# Nice Tom



## skeeter666 (May 9, 2009)

Well went out and hit the Northern for the first ever Turkey hunt and after a few hours I was able to find a great bird. Man it is so much fun I am hooked. Thanks Todd


----------



## BPturkeys (Sep 13, 2007)

Yes, that is a **** nice tom...but the picture...I have repeatedly tried to get a moratorium on pictures of guys with a huge smile posed behind their birds...what ever happened to the classic hunting pictures...you know, one foot on the downed game, gun in hand, or maybe a line of guys...some wearing Mackinaw shirts and old leather boots...none with camo... standing in around a string of fat toms hangin from a rope strung between two trees, makeshift tents and assorted camping gear scattered around in the background along with three of four cars...not a 5th wheeler or Dodge Ram Tough pickup to be seen. Are those days just gone?

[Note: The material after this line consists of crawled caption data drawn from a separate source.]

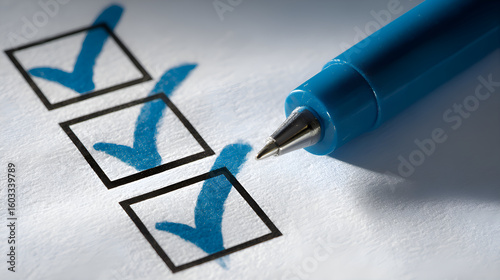 Blue pen checking three checkboxes on white paper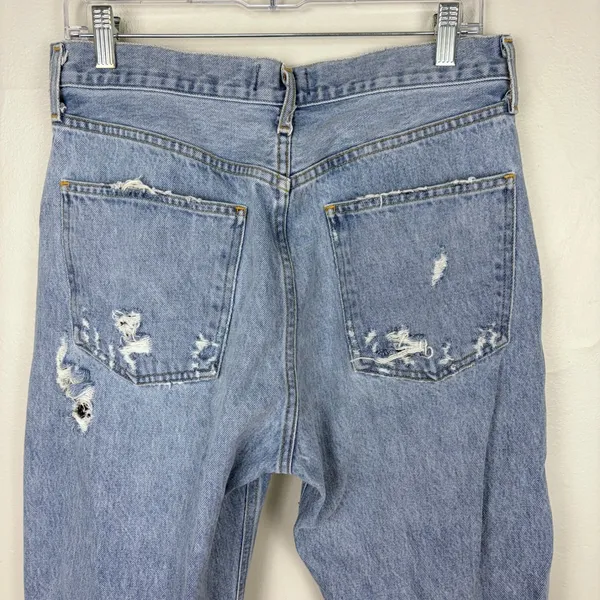 AGOLDE 90's Jean Blue Destroyed Denim Button‎ Fly Ripped Statement Size 28 - Image 7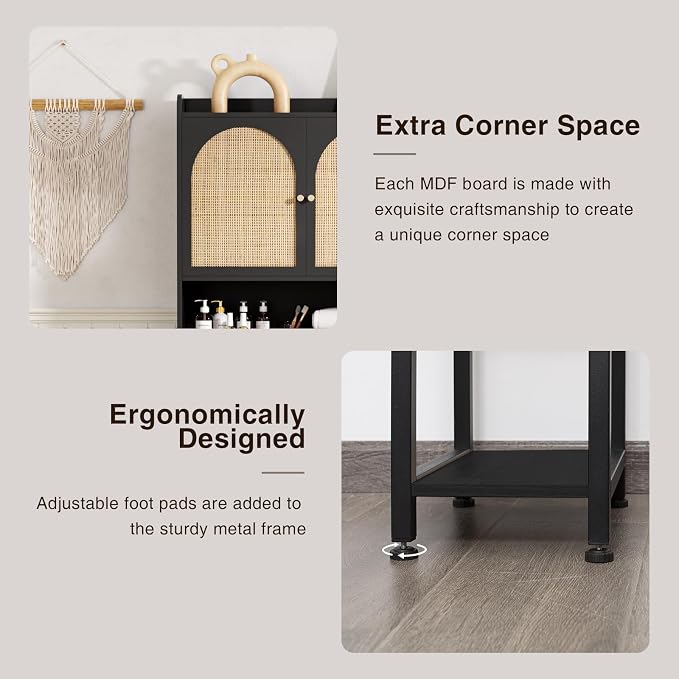 Rattan Over The Toilet Storage Cabinet - Image 5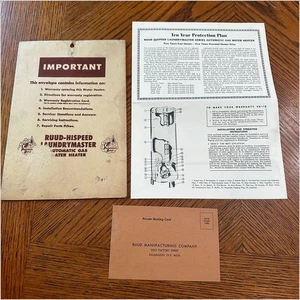 Calentador de agua manual Ruud Hispeed Laundrymaster garantía y sobre 1955 - Imagen 1 de 10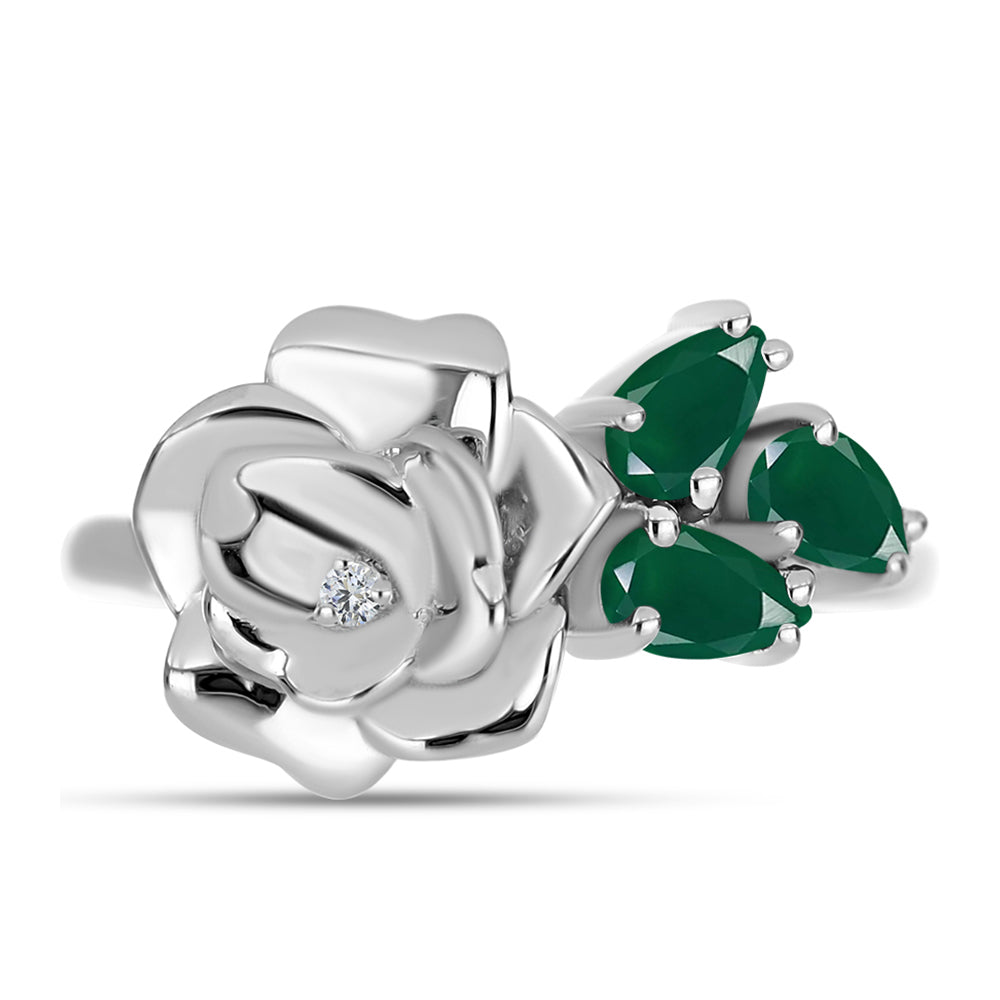 Silberring mit grünem Chalcedon und weißem Topas 1 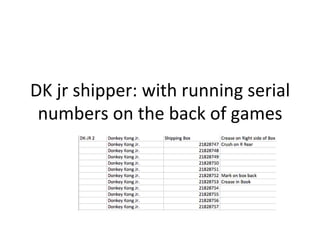 DK	
  jr	
  shipper:	
  with	
  running	
  serial	
  
numbers	
  on	
  the	
  back	
  of	
  games	
  
 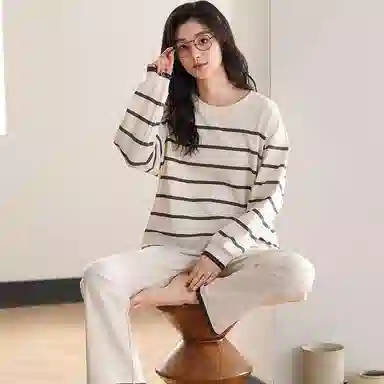 桔内 套头家居服透气纯色简约睡衣套装 女款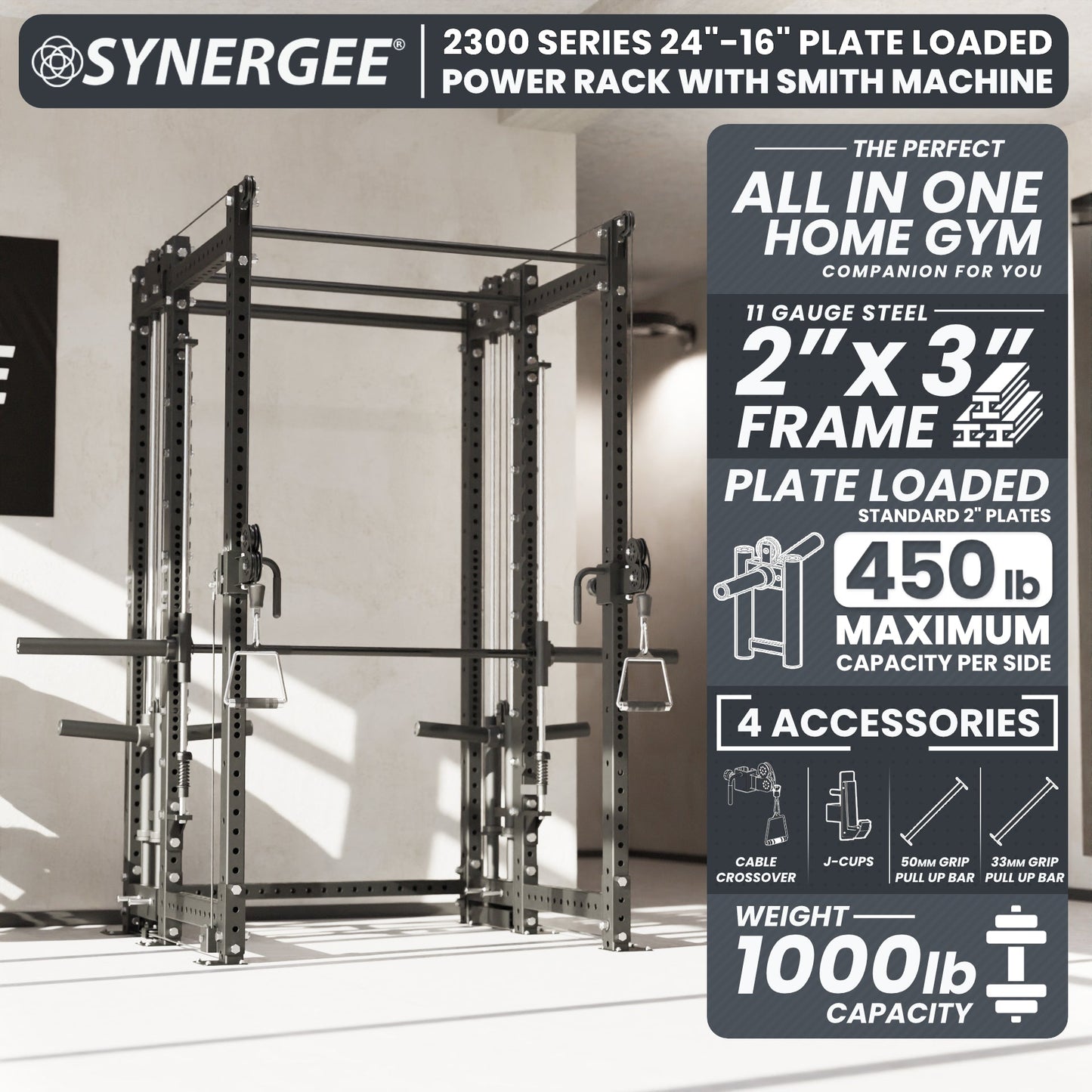 Synergee 2300 Series Power Cage with Plate Loaded Cable Cross Overs and Smith Machine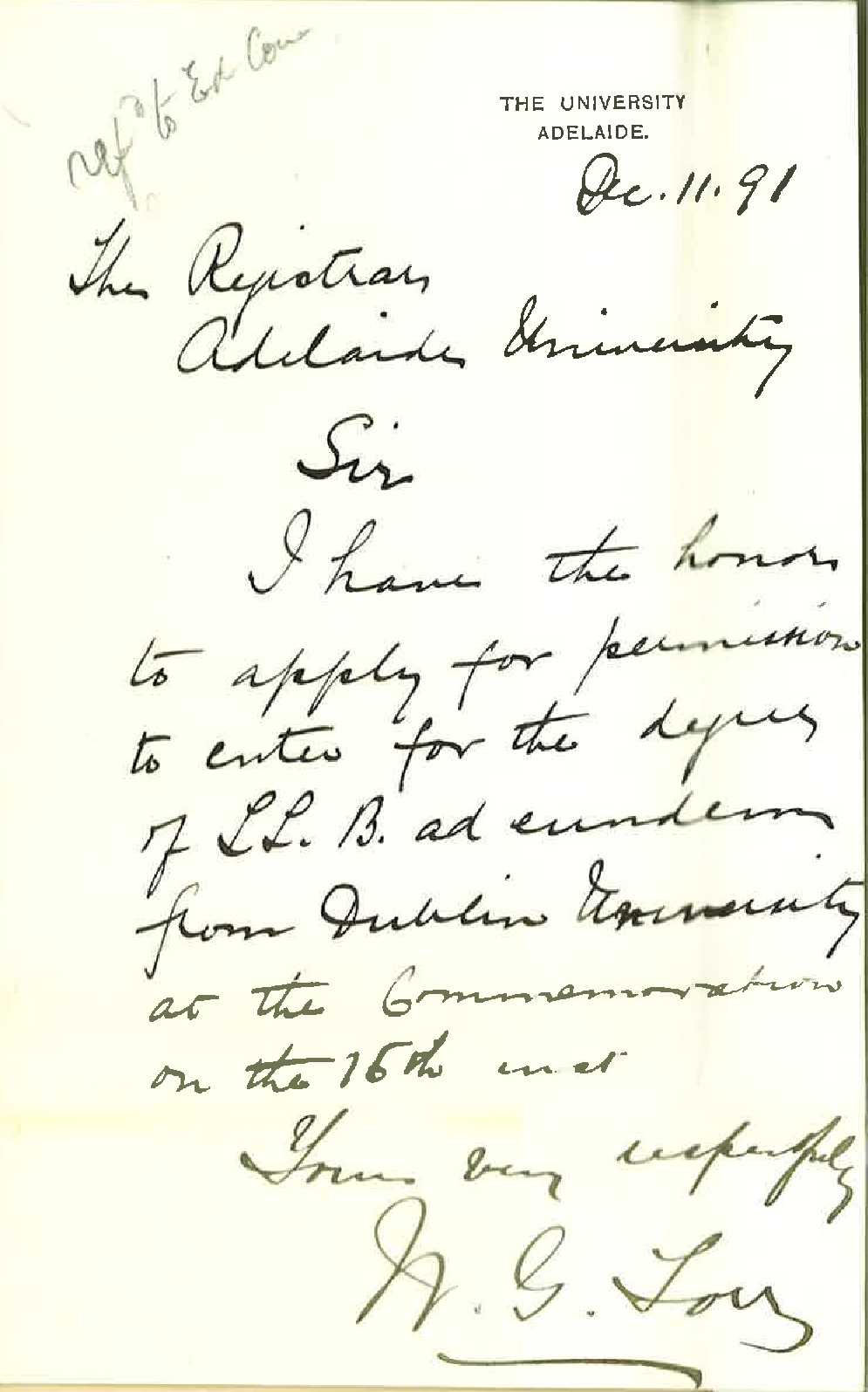 William George Torr - Adelaide - Admission ad eundem gradum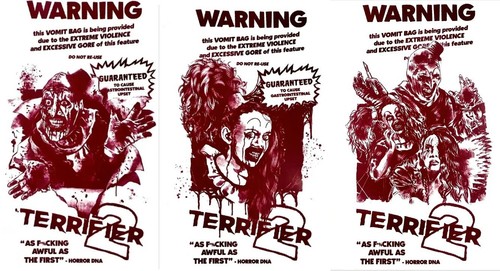 Terrifier 2 (2022) Set of 3 Vomit Bags. Horror. Art The Clown. Read Description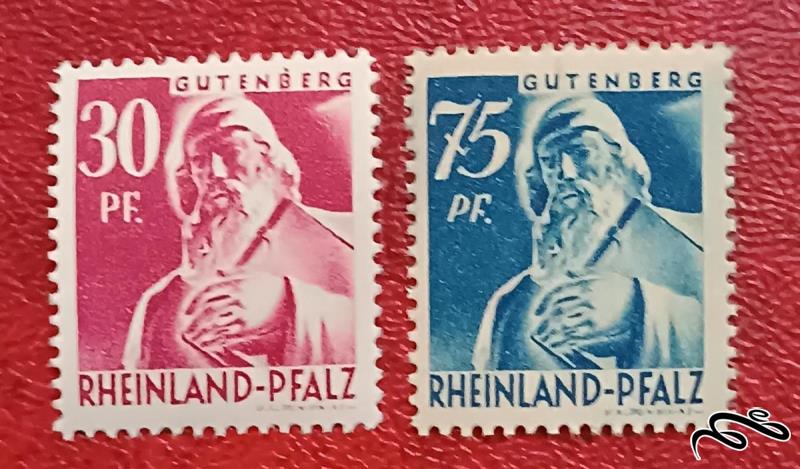 ۲ تمبر زیبای باارزش کلاسیک راینلند المان . گوتنبرگ مخترع صنعت چاپ (۹۲)۳
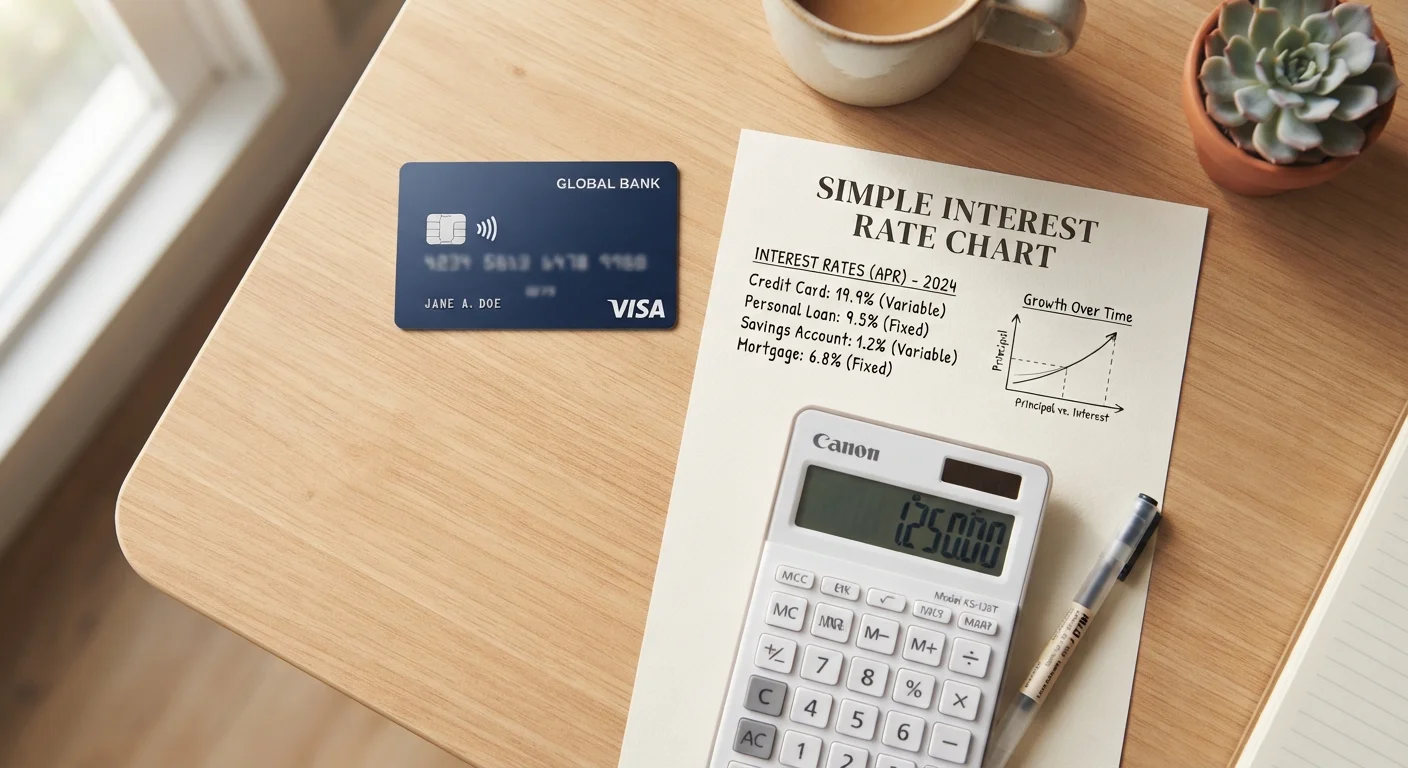 A credit card, interest rate chart, and calculator arranged on a light wooden desk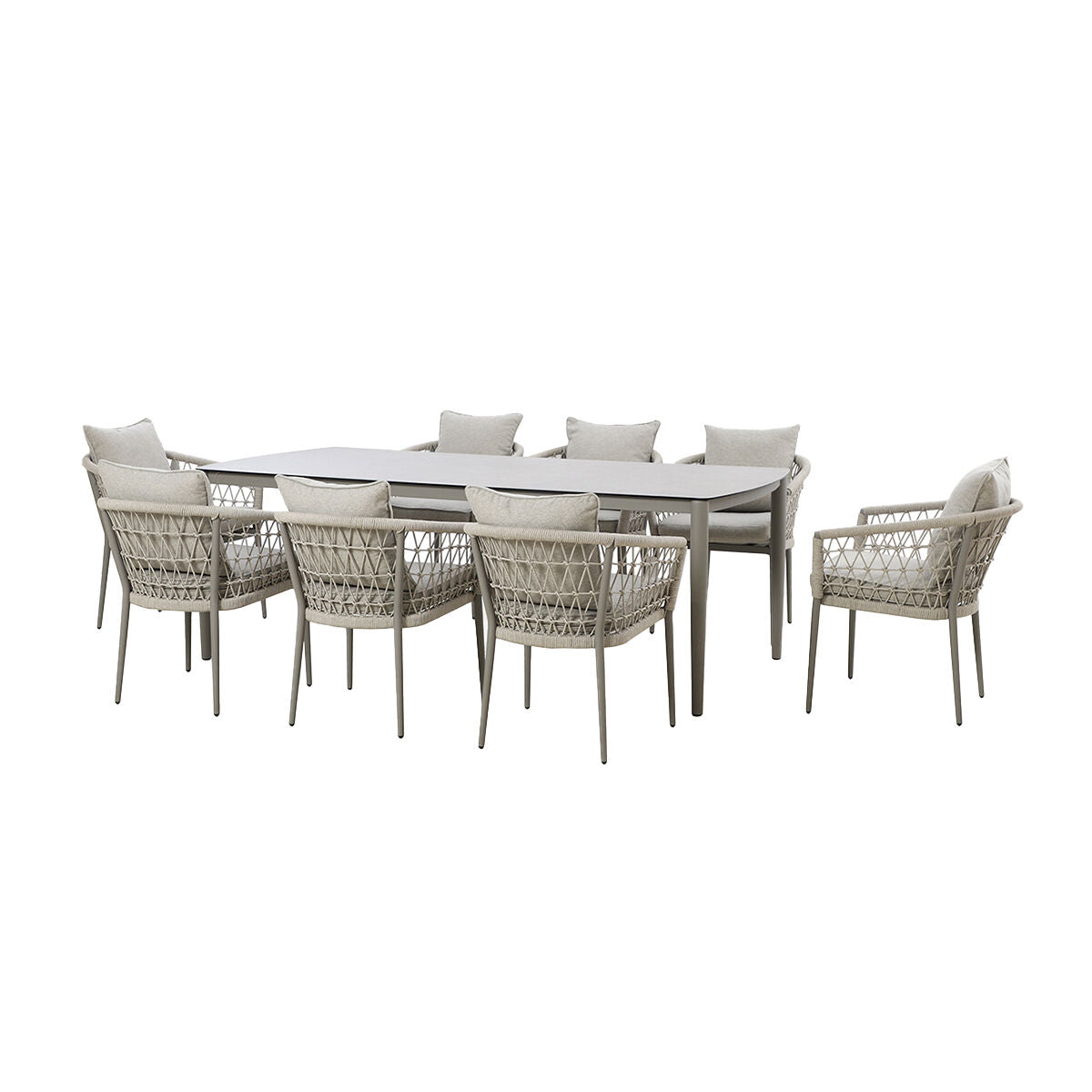 Monaco Rope Weave 8 Seat Rectangular Dining Set  by Maze Rattan. GardenBox Price £1949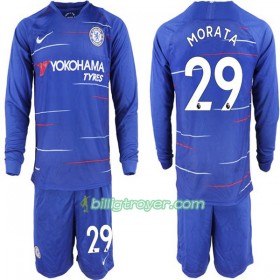 Billige Fotballdrakter Chelsea Alvaro Morata 29 Barn Hjemmedraktsett 2018/19 Langermet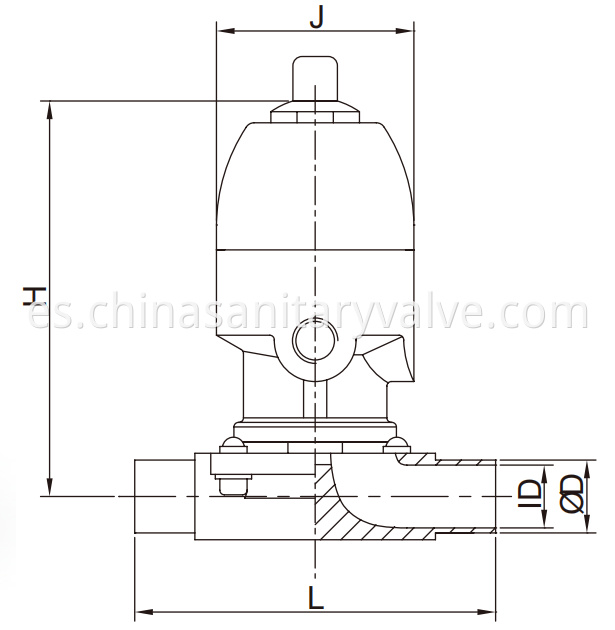 Hygienic diaphragm valve SS pneumatic welded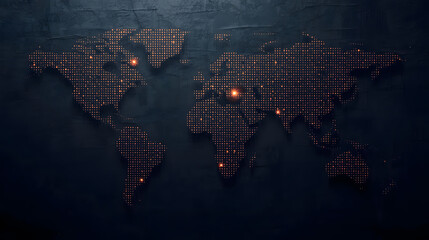 Global connections and communication network on a dark background map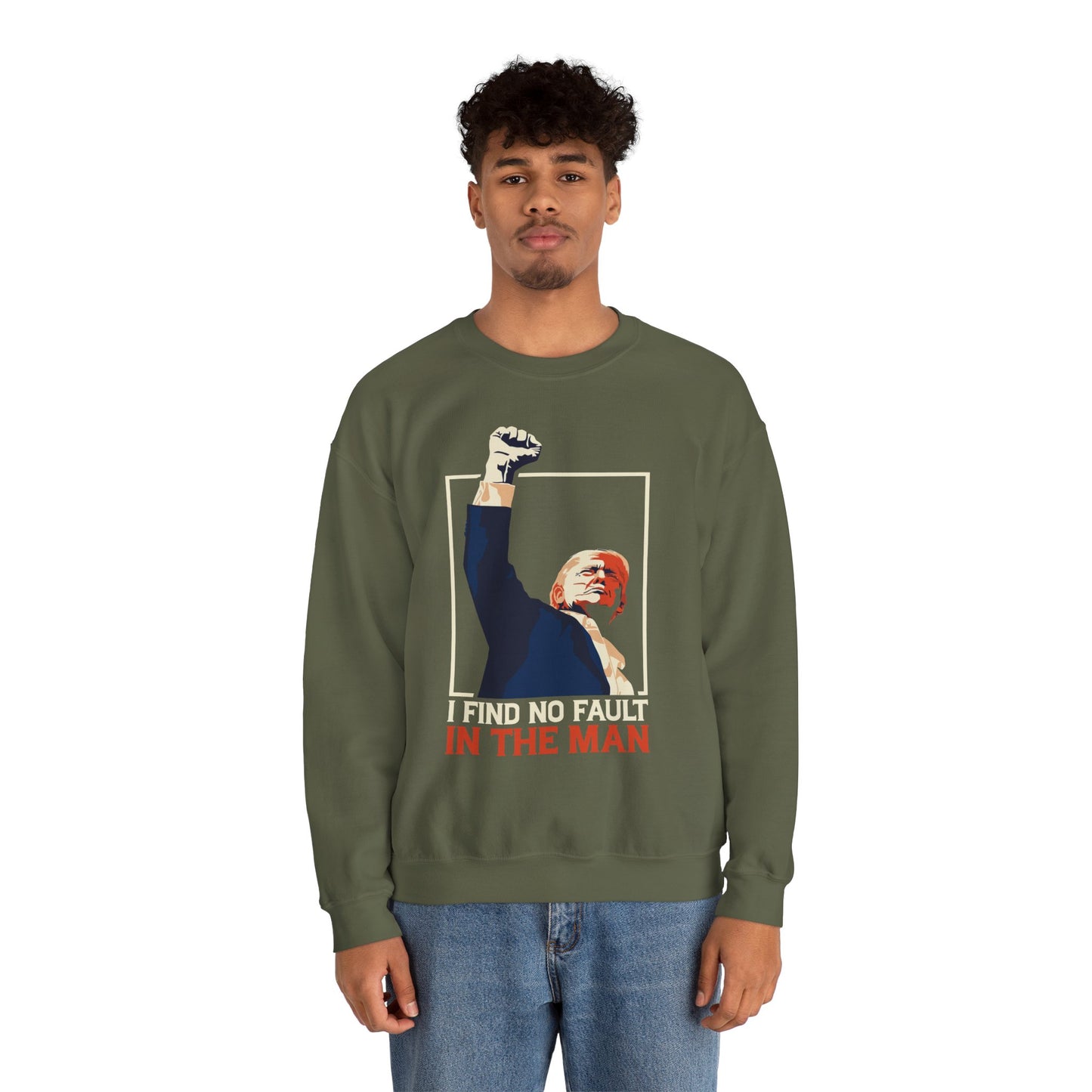 Political Statement Crewneck Sweatshirt - "I Find No Fault in the Man"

Well, what the heck...welcome first time poster and first time turkey shooter!


----------



## pickaspot (Sep 19, 2007)

Nice Bird! Gotta love turkey huntin'!


----------



## TEX-O-BOB (Sep 12, 2007)

You'll have to excuse BP, he's as old and crusty as his underwear. -O,- 

Nice bird.


----------



## HJB (May 22, 2008)

Nice!
Public or Private?


----------



## dkhntrdstn (Sep 7, 2007)

congrats on a great time there. nice job


----------